Case studies, furthermore, present an ideal learning opportunity for some students. We all can relate to the isolated cases or events we would have wanted to explore further. Fully-fledge research would arguably be impractical for such a scenario. However, a case study offers the chance to look deeper into outlying persons, places, or events without generalizing your results.
Case Study Format
There are a couple of ways in which you can present your case study. It certainly varies depending on your field and the institutions. In most cases, however, you will be required to give your case study as a report. It is worth considering that there might be specific requirements from your department. Therefore, it would be prudent to always seek consult from your teacher or the department. You can equally take this opportunity to seek clarification for any gaps in knowledge you might have before you start off with the case study.
The format of a case study is made up of the following elements.
- Executive summary – This is meant to give a general insight into the area you are looking to research.

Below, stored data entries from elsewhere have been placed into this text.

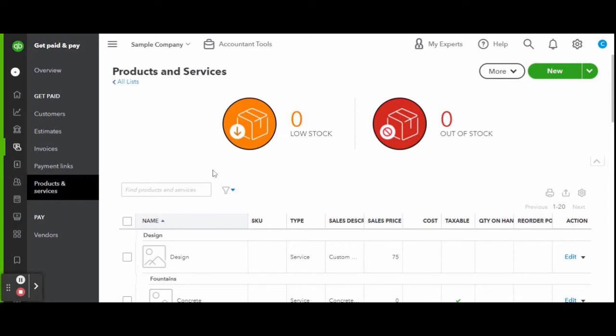Reordering details and any actions you may wish to take like editing or deleting an item. You will also see products and services along with any sub products and services. To record a new product or service, click the green new button on the top right of your screen.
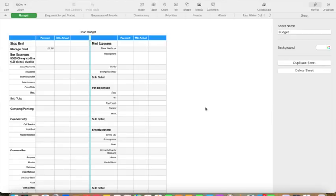But then I realized, as I'm creating the budget, I really don't know what it's going to cost me. So there's no sense in building a road budget until I know what things are going to cost me. And I'm not going anywhere until I get the bus built, and that budget is a little bit more important. So one page grew to 19 pages.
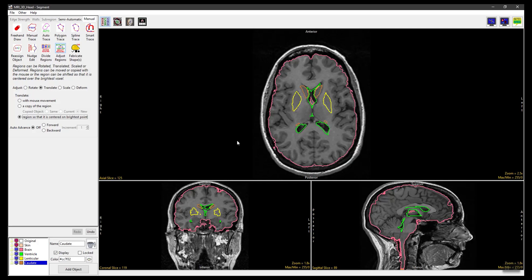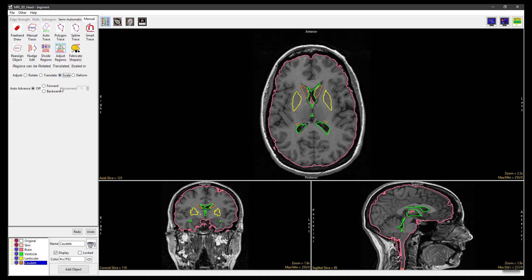Now click Undo and set the Adjust method to Scale. Click in an object and move the mouse to increase the scale of the selected object. Moving the mouse up and down adjusts the scale in the vertical direction; moving left and right adjusts the scale in the horizontal direction. Moving the mouse diagonally adjusts the scale while preserving the shape. Release the button to commit the scale manipulation to the object.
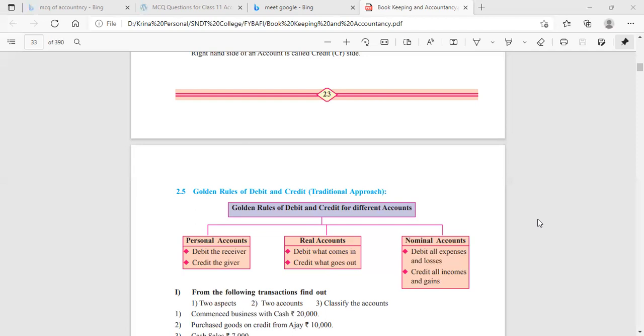That's it for today. This was about the golden rules. It is very important for all of us to remember these golden rules because they are thoroughly used in each and every aspect of accounting. Thank you everyone.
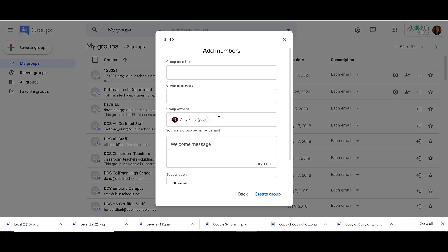Let's think about a student group. If we have an email group for our class and we only want the teachers to be able to email that whole group, we would make all of the teachers group managers and all the students group members. Then, when we're in our privacy settings, we can allow only group managers to email that whole group. If it's your department, you want everyone to be a group member, and then you can allow all department members to add conversations or send email messages.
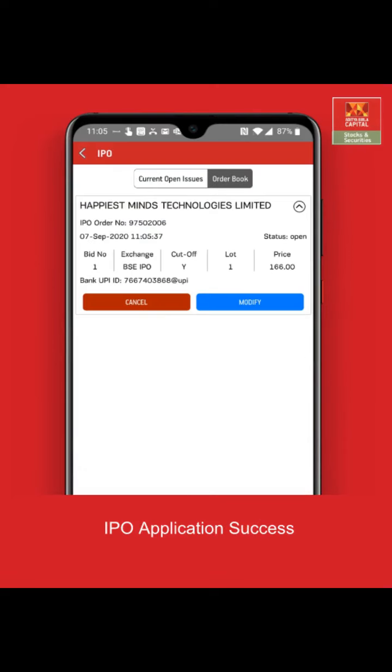Your order is successfully submitted. You can now check the allotment status once the IPO is listed. This was a complete step-by-step process for IPO application.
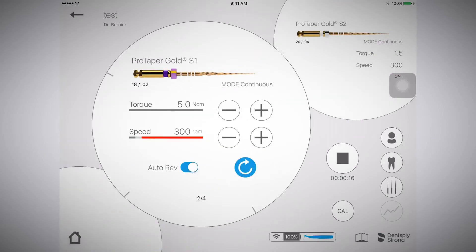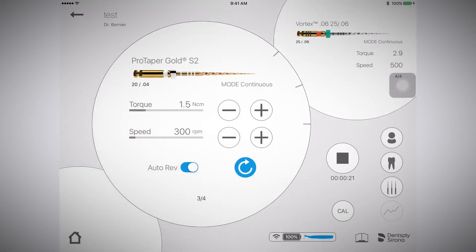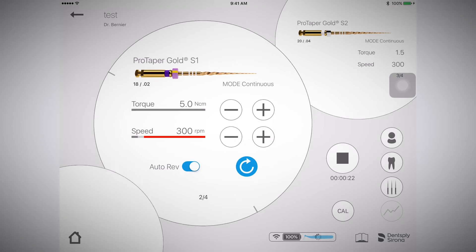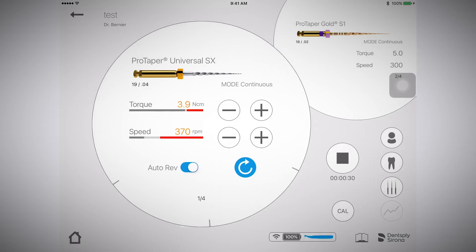The speed and torque settings are preprogrammed for each file. You can adjust these on the fly during a procedure. Adjustments will not affect your settings within your systems or sequences.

Hence, it captures the thesis statement and elaborates on how you intend to carry out the case study.
- Background — In this section, you present the foundation of your case study. Thus, it should have the preexisting knowledge that has led you to this particular case study.
- Evaluation of the case – This is an assessment of the case, looking at each section on its own. It helps you to determine what works and what does not.
- Proposals – After the case study, you must present feasible solutions to the case study problem. Additionally, you need to provide evidence of the solutions' feasibility.
- Conclusion – Like any other academic writing, the conclusion entails a summary of the case study where you tie everything together.
- References – You are also required to cite all external sources that you have used in the case study. This, as usual, is mandatory in all academic papers.
Once you have followed the format outlined above, you can rest assured that you have nailed down the structure of a case study.